Two Nobel medals hid from the Nazis dissolved in acid

Two Nobel medals hid from the Nazis dissolved in acid

When German troops occupied Copenhagen, a chemist faced a problem: two gold Nobel medals belonging to anti-Nazi physicists were in his lab, and exporting gold was a crime that could expose their owners. So he dissolved them. A blend of nitric and hydrochloric acid, one of the few mixtures that can eat gold, turned the medals into an unremarkable orange liquid left openly on a shelf. Soldiers searched the building and ignored the jar. After the war the gold was recovered and the medals recast.
Nearly all minable gold was delivered by asteroids

Nearly all minable gold was delivered by asteroids

Gold bonds eagerly to iron, so when the young Earth was molten almost all of it should have sunk into the core with the iron, leaving the surface barren. Yet there's gold in the rocks we mine. The leading explanation: a long bombardment of asteroids and meteorites struck the planet after its core had already formed, salting the outer layers with fresh gold and other metals. The gold in a wedding ring, in other words, probably rained down from space billions of years ago.
One gram of gold can cover a whole square metre

One gram of gold can cover a whole square metre

Gold is the most malleable metal known. A single gram, a pellet smaller than a pea, can be beaten into a continuous sheet a full square metre in area. At that point the leaf is only about 100 nanometres thick, a few hundred atoms, so thin that light glows greenish through it.

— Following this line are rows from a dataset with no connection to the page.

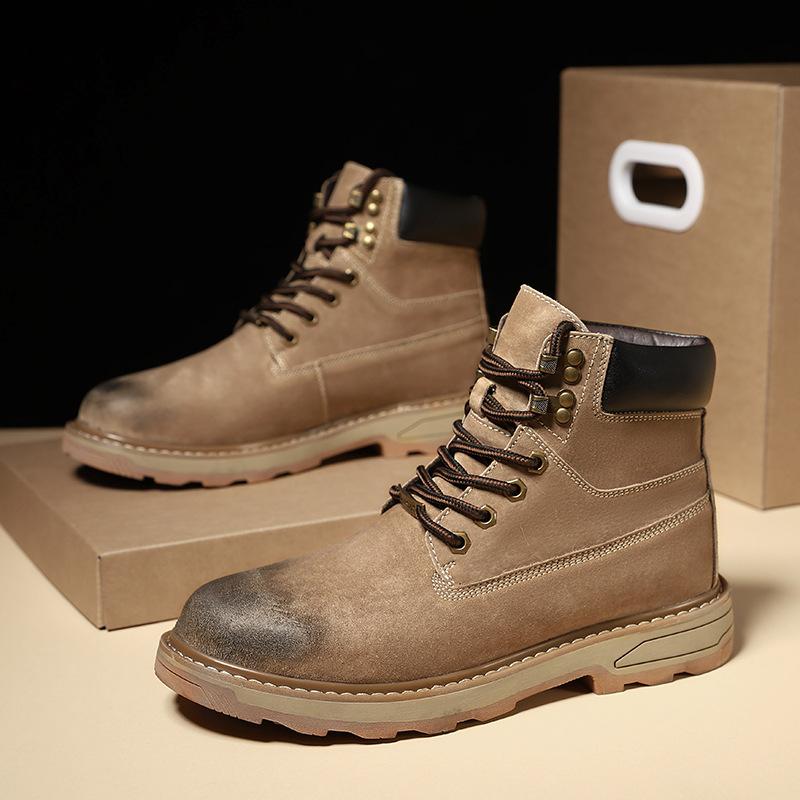 High-Top Rhubarb Boots, First-Layer Pigskin Martin Boots, Men'S Outdoor Tooling, Velvet Thermal Men'S Shoes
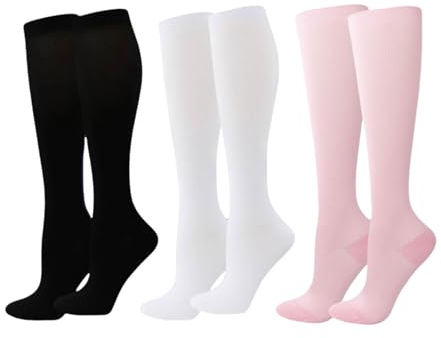 Mevery - Classic Kompressionsstrümpfe Kompressionsstrümpfe für Damen und Herren - 3 Paar atmungsaktive Kompressionsstrümpfe für Sport, Laufen, Reisen, Fitness, und Fußball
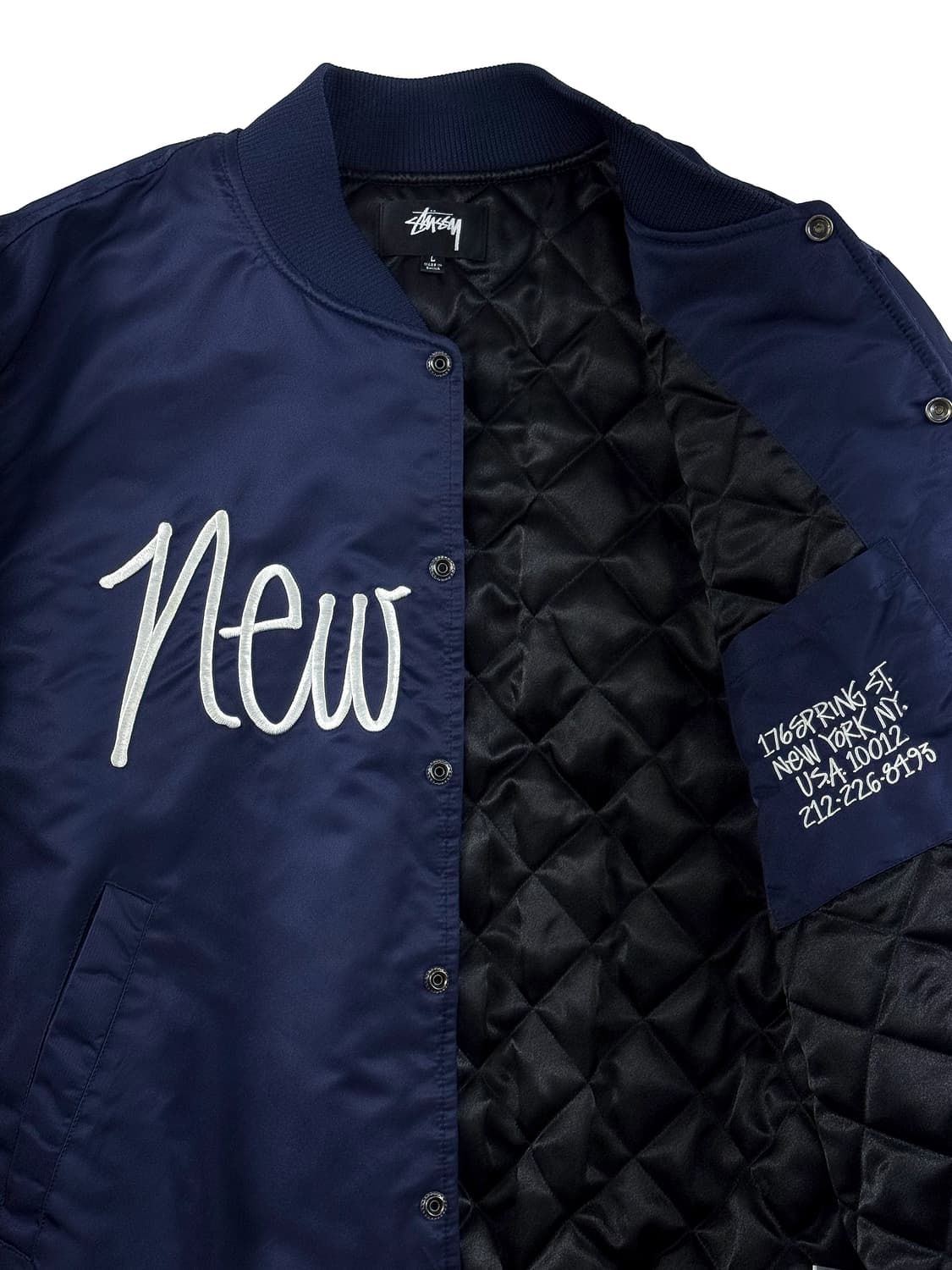 스투시 NY 챕터 사틴 바시티 자켓 네이비 상품이미지3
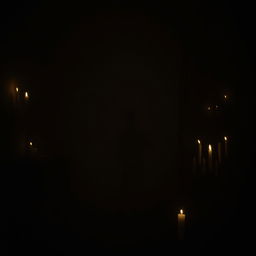 A dimly lit room illuminated by flickering candlelight, creating a warm, soft glow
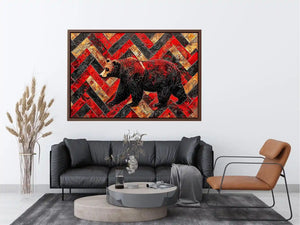 Red black bear abstract wall art with textured geometric pattern modern canvas for living room office decor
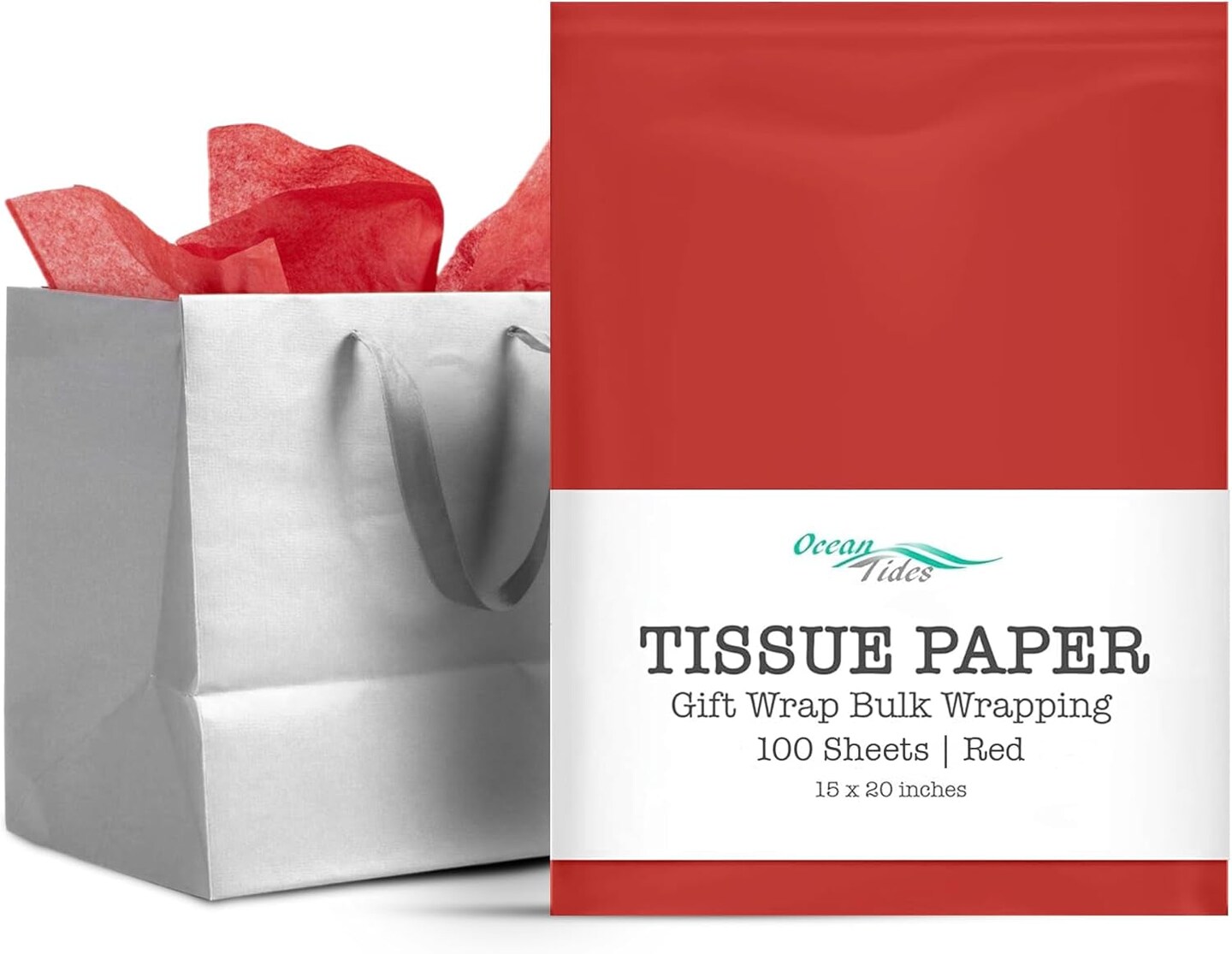 Gift Wrapping Tissue Paper - Gift Tissue Paper for Birthdays, DIY Crafts, &#x26; Christmas - 100 Sheets Bulk Tissue Paper for Gift Bags - Lightweight &#x26; Easy to Shape - Red (15 X 20 Inches)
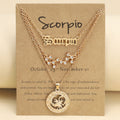 Zodiac Necklace Vintage English Star Image Pendant Three Piece Jewelry Set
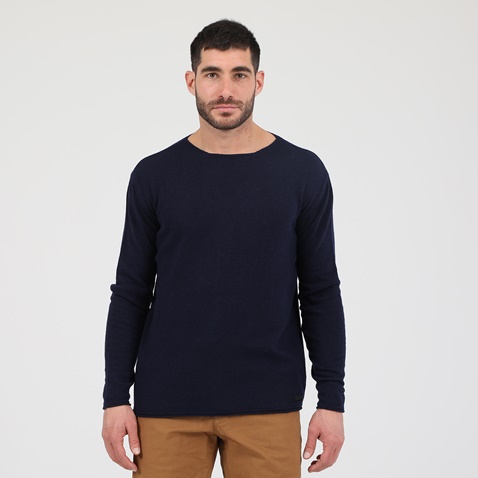 DIRTY LAUNDRY-Ανδρική πλεκτή μπλούζα DIRTY LAUNDRY CASHMERE KNIT RAW-EDGED μπλε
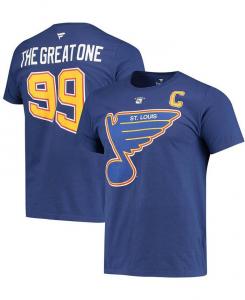 Мужская синяя футболка с именем и номером игрока Wayne Gretzky St. Louis Blues Authentic Stack Fanatics, синий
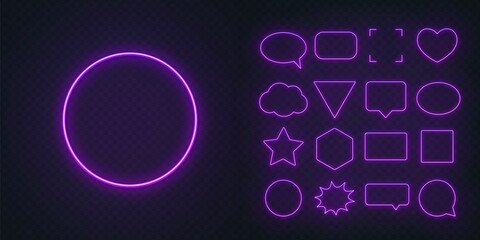 Set of purple neon frames with soft glow on a transparent background. Speech bubble, square, circle, star, triangle, heart, hexagon and other glowing neon shapes on a dark background. © TanyaFox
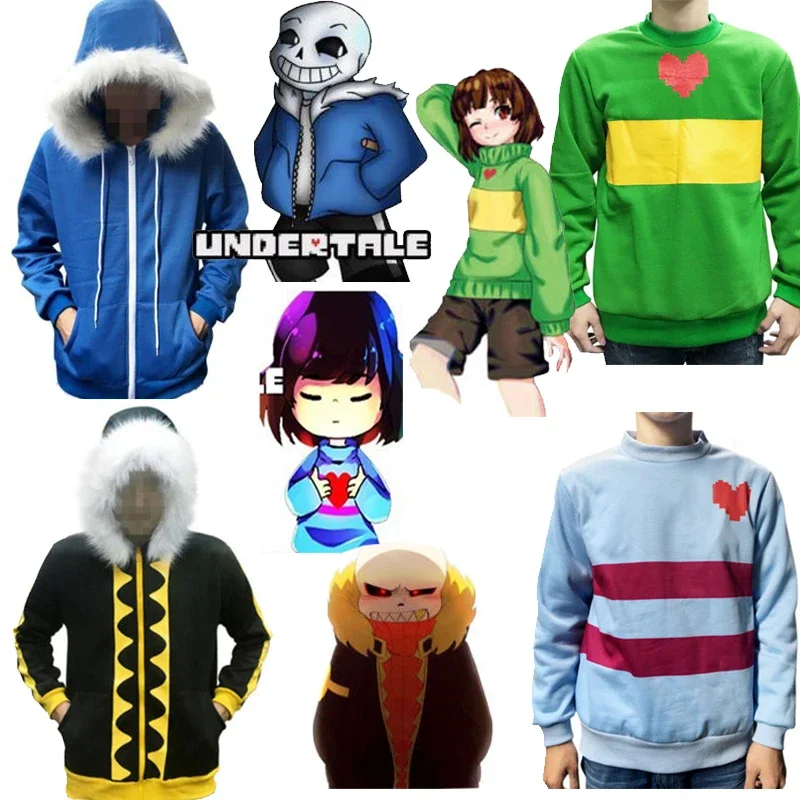 

Undertale Sans Frisk Chara Papyrus Fell Cosplay Costume Zipper Hoodie Hooded Jacket Coat Sweater Sportswear Streetwear Top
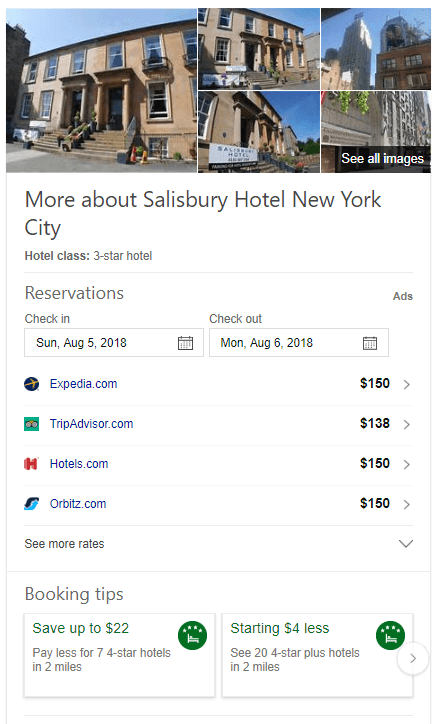 Bing Hotel Booking Feature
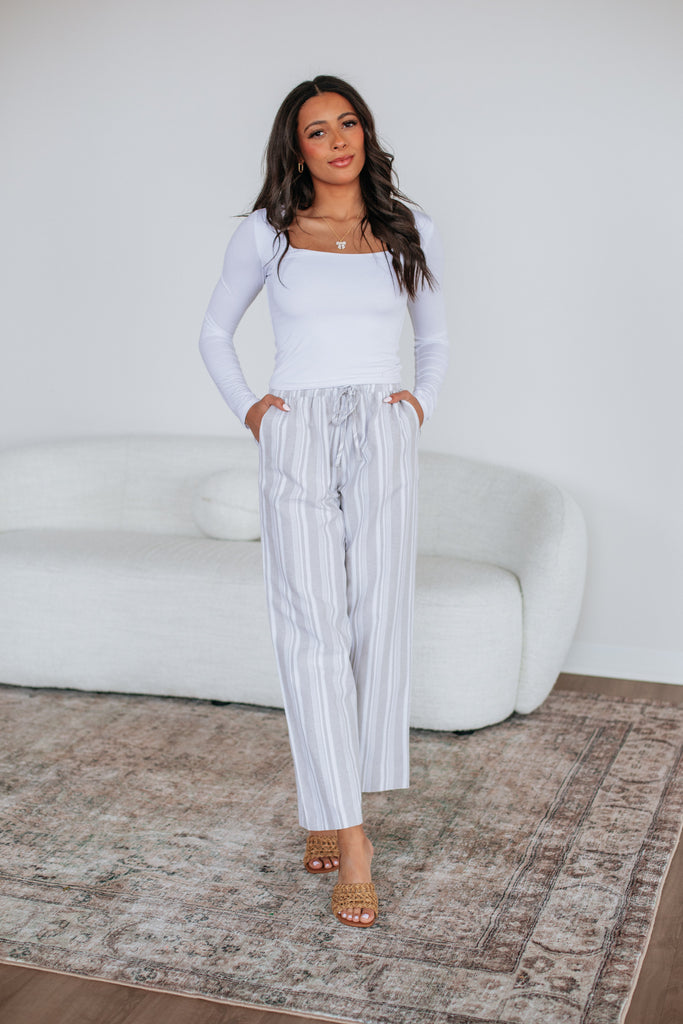Marlowe Striped Pants - Sand Mix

Gilders lift these sheets with a static-charged brush because a single breath will tear them, then lay them onto domes, picture frames and even desserts.
Silver beats gold and copper as the best conductor

Silver beats gold and copper as the best conductor

Of every element, silver carries electricity and heat the best, edging out copper and leaving gold behind. Its outer electrons are unusually free to drift, so current meets less resistance. If it's the champion, why is household wiring copper? Cost. Silver is far too expensive to string through walls by the mile, so we settle for copper and save silver for places where every fraction of conductivity counts: fine electronics, satellites and critical contacts.
The first coins were a wild gold-silver alloy

The first coins were a wild gold-silver alloy

The world's first coins weren't pure gold or silver but electrum, a natural pale-yellow alloy of the two that washed out of a river in ancient Lydia, in what is now Turkey, around 650 BC. Because the gold-to-silver ratio in natural electrum varies, every lump's true value was uncertain, which may be exactly why rulers stamped them: a ruler's mark promised a fixed worth and turned an unreliable nugget into trustworthy money. Pure gold and silver coins came a century later.